Dossier législatif : proposition de loi instaurant des mesures de sûreté à l'encontre des auteurs d'infractions terroristes à l'issue de leur peine
Discussion générale (suite)

Mesures de sûreté contre les auteurs d’infractions terroristes à l’issue de leur peine

Adoption en procédure accélérée d’une proposition de loi dans le texte de la commission modifié

Mme la présidente. L’ordre du jour appelle la discussion de la proposition de loi, adoptée par l’Assemblée nationale après engagement de la procédure accélérée, instaurant des mesures de sûreté à l’encontre des auteurs d’infractions terroristes à l’issue de leur peine (proposition n° 544, texte de la commission n° 631, rapport n° 630).

Candidatures à une éventuelle commission mixte paritaire

Mme la présidente. J’informe le Sénat que des candidatures pour siéger au sein de l’éventuelle commission mixte paritaire chargée d’élaborer un texte sur les dispositions restant en discussion de cette proposition de loi ont été publiées.

Ces candidatures seront ratifiées si la présidence n’a pas reçu d’opposition dans le délai d’une heure prévu par notre règlement.

La parole est à M. le président de la commission.

M. Philippe Bas, président de la commission. Je sollicite une suspension de séance de cinq minutes, madame la présidente.

Mme la présidente. Mes chers collègues, nous allons interrompre nos travaux pour quelques instants.

La séance est suspendue.

(La séance, suspendue à dix-sept heures cinq, est reprise à dix-sept heures dix.)

Mme la présidente. La séance est reprise.

Discussion générale

Discussion générale (début)
Dossier législatif : proposition de loi instaurant des mesures de sûreté à l'encontre des auteurs d'infractions terroristes à l'issue de leur peine
Article 1er

Mme la présidente. Dans la discussion générale, la parole est à M. le garde des sceaux, ministre de la justice.

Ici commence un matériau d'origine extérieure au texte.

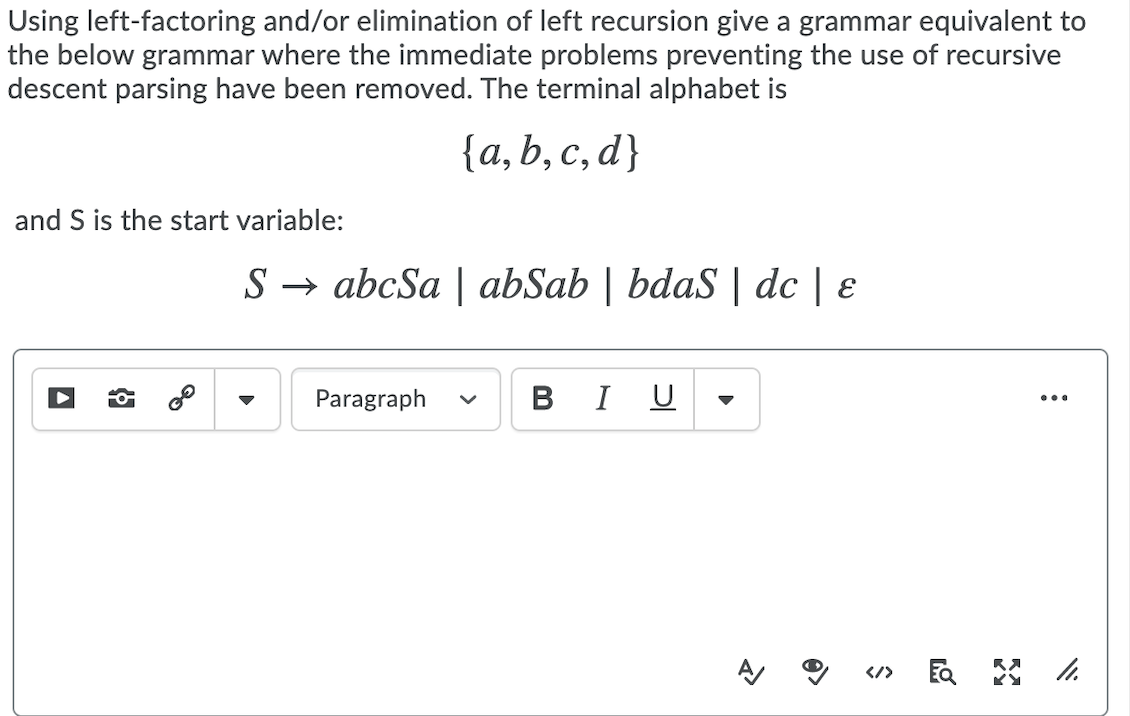 Solved Using Left-factoring And/or Elimination Of Left | Chegg.com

M. Éric Dupond-Moretti, garde des sceaux, ministre de la justice. Madame la présidente, mesdames, messieurs les sénateurs, la proposition de loi que vous examinez porte sur un sujet très sensible. À travers elle, on s’efforce de répondre à la problématique des personnes condamnées pour des actes de terrorisme, dont certains présentent toujours une situation de dangerosité en fin de peine. Sur ces questions, monsieur le président de la commission, comme vous le savez, j’ai évolué.

Permettez-moi d’abord de rappeler quelques données factuelles. En France, 260 personnes sont actuellement détenues après une condamnation pour une infraction terroriste en lien avec la mouvance islamiste. Certaines d’entre elles purgent des peines correctionnelles de plusieurs années – principalement entre sept et dix ans – qui ont été prononcées, pour beaucoup d’entre elles, après 2012.

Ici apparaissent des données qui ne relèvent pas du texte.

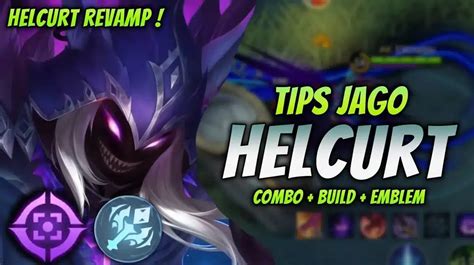 Penjelasan Skill Tampilan Dan Build Tersakit Helcurt Revamp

Outre ces détenus condamnés, 252 personnes sont en détention provisoire après avoir été mises en examen pour des actes de terrorisme. Elles seront jugées dans les mois ou années à venir : 49 procès terroristes se dérouleront d’ici à 2021.

Parmi les condamnés, 31 seront libérés en 2020, 62 en 2021 et 50 en 2022, après avoir exécuté leur peine.

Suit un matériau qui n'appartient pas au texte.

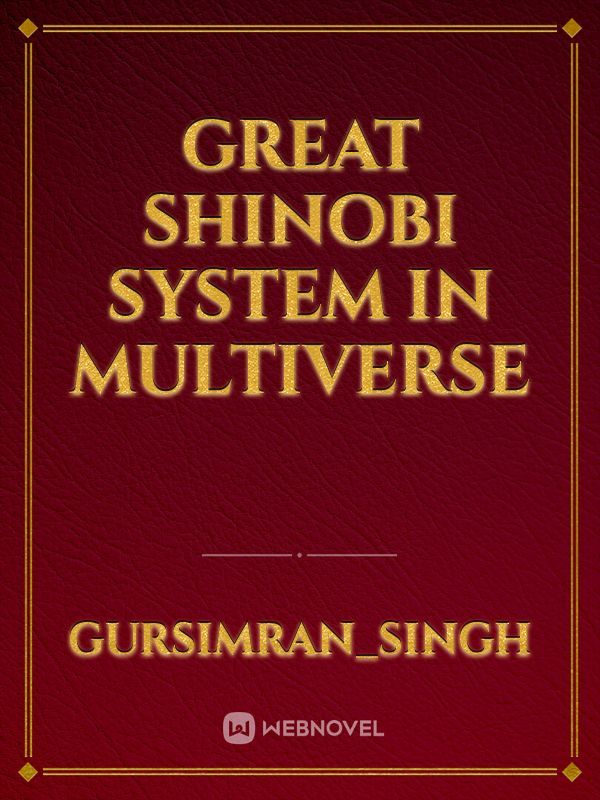 Great Shinobi System In Multiverse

Les lois du 3 juin et du 21 juillet 2016 ont supprimé les crédits de réduction de peine pour les terroristes et restreint leur accès à la libération conditionnelle, mais ces dispositions ont sans doute repoussé la difficulté, voire l’ont renforcée, puisque ces mêmes détenus vont prochainement quitter la détention en « sortie sèche », selon l’expression convenue.

Je souhaitais faire ce bref rappel, car il résume le défi qui est le nôtre : apporter une réponse pénale au terrorisme.

Bâti depuis 1986, notre dispositif judiciaire de réponse à la menace terroriste est équilibré. Il repose sur un dispositif centralisé avec des aménagements procéduraux. Ce cadre a encore été complété l’an dernier avec la création d’un parquet autonome spécialisé, le parquet national antiterroriste (PNAT).

Dans son œuvre normative, le législateur a toujours cherché à articuler la spécificité qu’impose une criminalité complexe, dont la finalité est l’effondrement de notre modèle sociétal et de nos valeurs démocratiques.

Mesdames, messieurs les sénateurs, c’est en ayant à l’esprit cet impérieux besoin d’équilibre que vous devrez aborder ces débats.

Un travail important est réalisé dans nos établissements pénitentiaires afin de prévenir la radicalisation des détenus et de freiner tout prosélytisme délétère. Plusieurs rapports en ont rendu compte. Je pense au rapport d’information des députés Diard et Poulliat sur les services publics face à la radicalisation, qui comprend des propositions destinées à renforcer le suivi des personnes radicalisées, comme au rapport de la contrôleure générale des lieux de privation de liberté sur la prise en charge pénitentiaire des personnes radicalisées et le respect des droits fondamentaux.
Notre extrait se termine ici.